(Your instructions) Reproduce the data that follows character for character, but omit its pictures.

(Stored data)
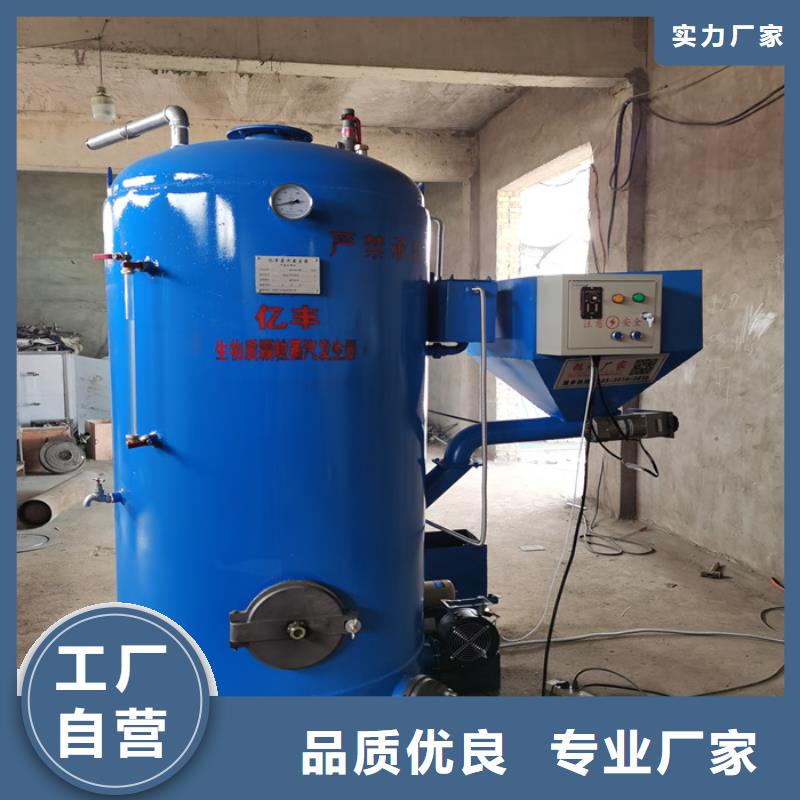 导热油锅炉-视频-广东省云浮市|郁南|新兴|梅州|江门|揭阳|潮州|广州|深圳导热油锅炉-恒信
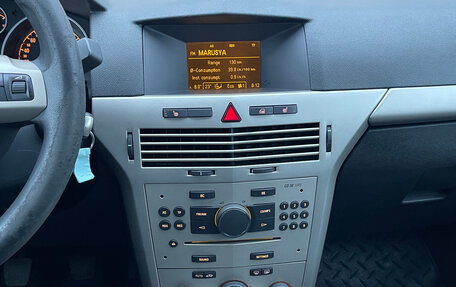 Opel Astra H, 2007 год, 499 000 рублей, 9 фотография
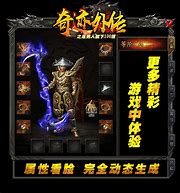 沙巴克私服传奇红包版手游下载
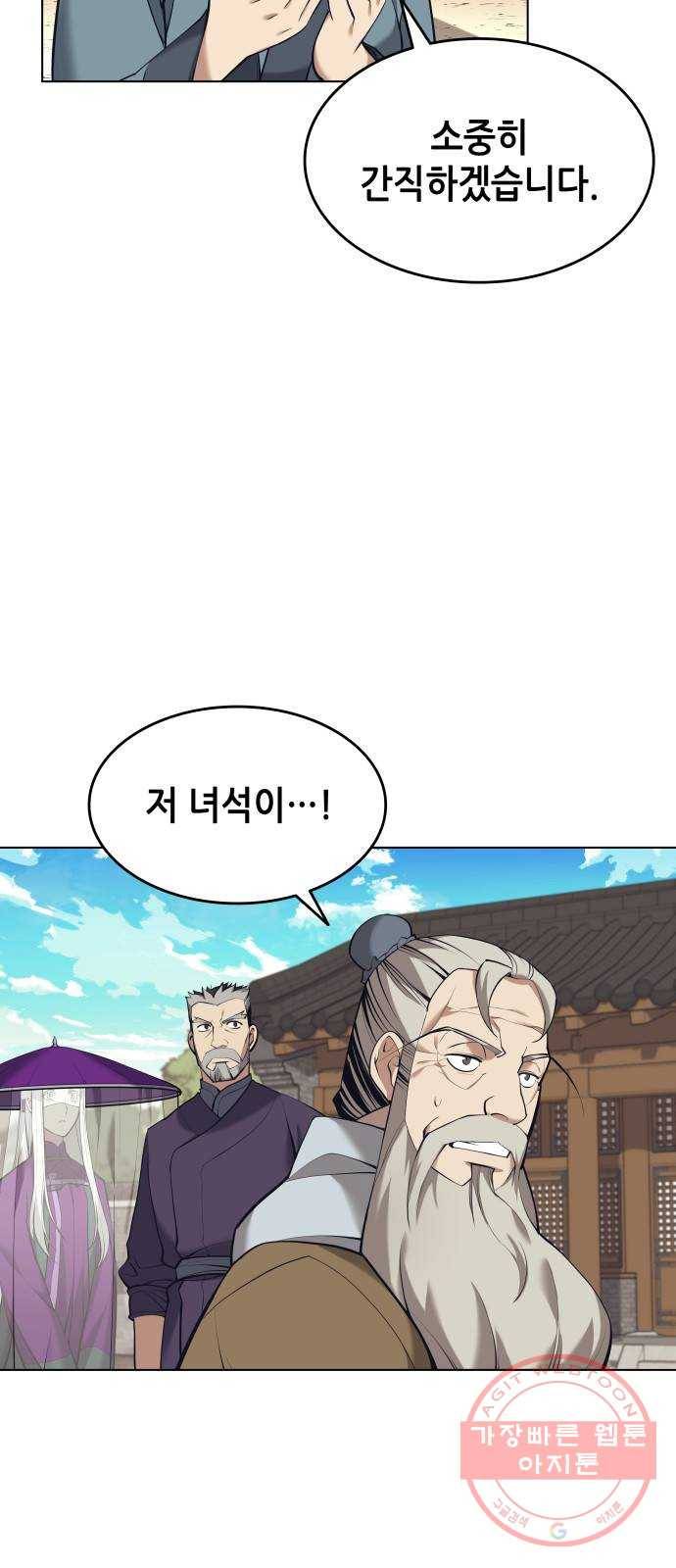 낙향문사전 2부 18화. 남궁세가의 제안 9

(Task output)
 导热油锅炉-视频-广东省云浮市|郁南|新兴|梅州|江门|揭阳|潮州|广州|深圳导热油锅炉-恒信
 Opel Astra H, 2007 год, 499 000 рублей, 9 фотография
 沙巴克私服传奇红包版手游下载
 낙향문사전 2부 18화. 남궁세가의 제안 9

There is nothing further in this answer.